Which of the following statements are true about handling categorical values?


a) One-hot encoding is the most effective approach for handling all categorical data.

b) One-hot encoding increases the dimensionality of the data.

c) Target encoding uses the target variable to estimate the value of each category in a categorical variable.

d) Label encoding can be useful for features with a large number of categories.

e) No encoding is also sometimes the best option for handling categorical variables.

f) Label encoding assigns arbitrary numerical values to categories in a categorical variable.

### Correct Option: b, c, f

### Explanation:

The true statements about handling categorical values are:

b) One-hot encoding increases the dimensionality of the data. This is because every category in the original variable is represented by a new binary feature in the one-hot encoded data.

c) Target encoding uses the target variable to estimate the value of each category in a categorical variable. This is done by calculating the average target value for each category and using that value to represent the category.
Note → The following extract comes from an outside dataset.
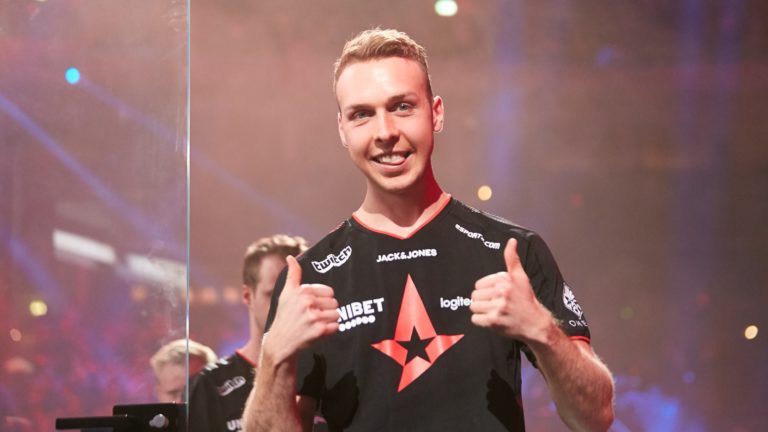 Pas d'appareil ? Aucun problème. Astralis domine les premiers matchs CS:GO à Elisa Masters Espoo 2 Pas d'appareil ? Aucun problème. Astralis domine les premiers matchs CS:GO à Elisa Masters Espoo - 1
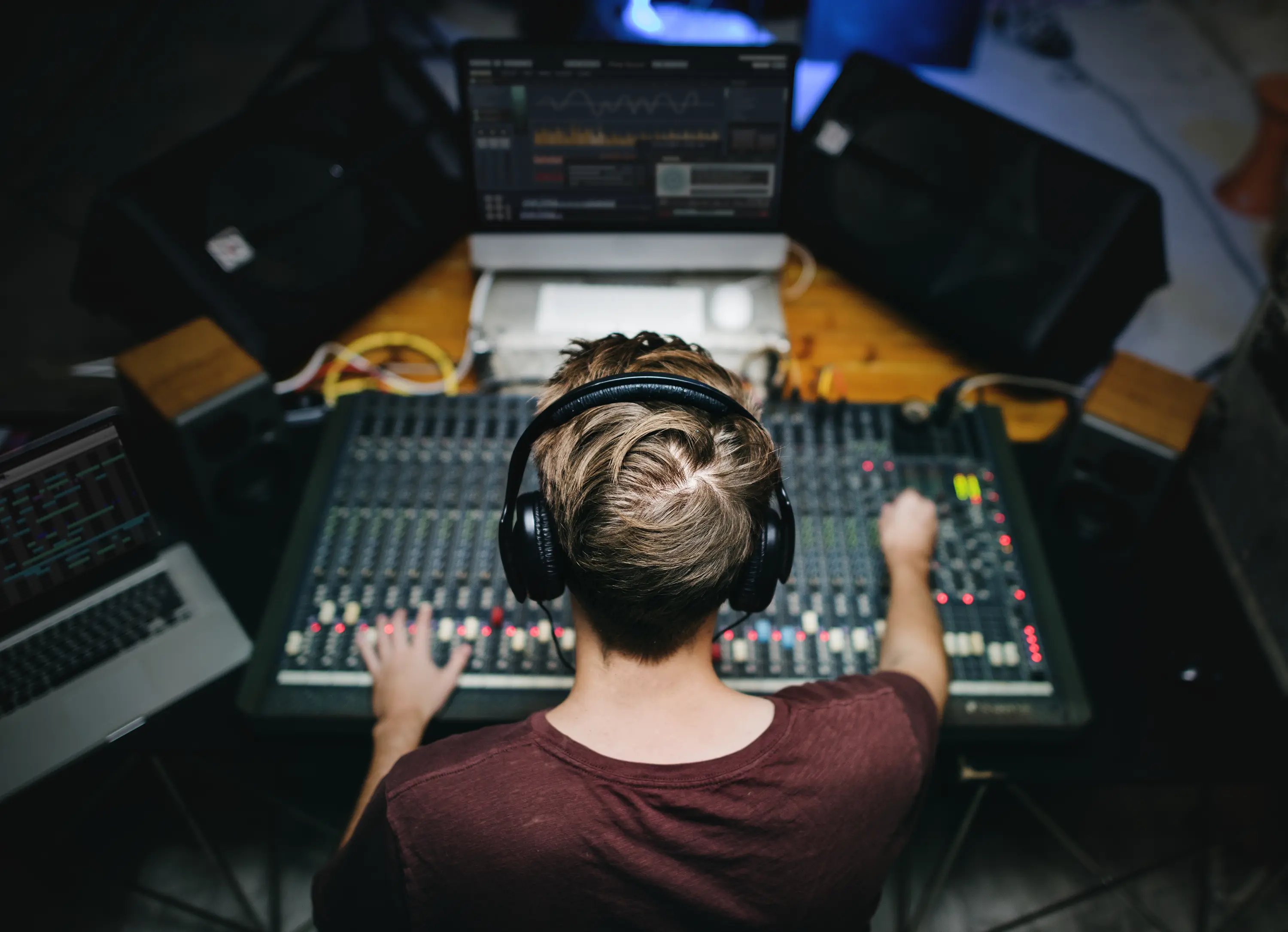 How to Write Trailer Music: A Step-by-Step Guide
f) Label encoding assigns arbitrary numerical values to categories in a categorical variable. This is done by assigning a - unique integer to each category, but the order of the integers does not necessarily reflect the order of the categories.
The incorrect statements are:

a) One-hot encoding is the most effective approach for handling all categorical data.
- This is not true, as other encoding techniques, such as label encoding and target encoding, may be more suitable for certain types of categorical data.

d) Label encoding can be useful for features with a large number of categories.
- This is not true because when there are many categories, label encoding can create a large number of features, which can increase the dimensionality of the data and make it difficult for the model to learn.

e) No encoding is also sometimes the best option for handling categorical variables:
- Not true.
- Encoding is generally necessary for machine learning models to interpret categorical data correctly.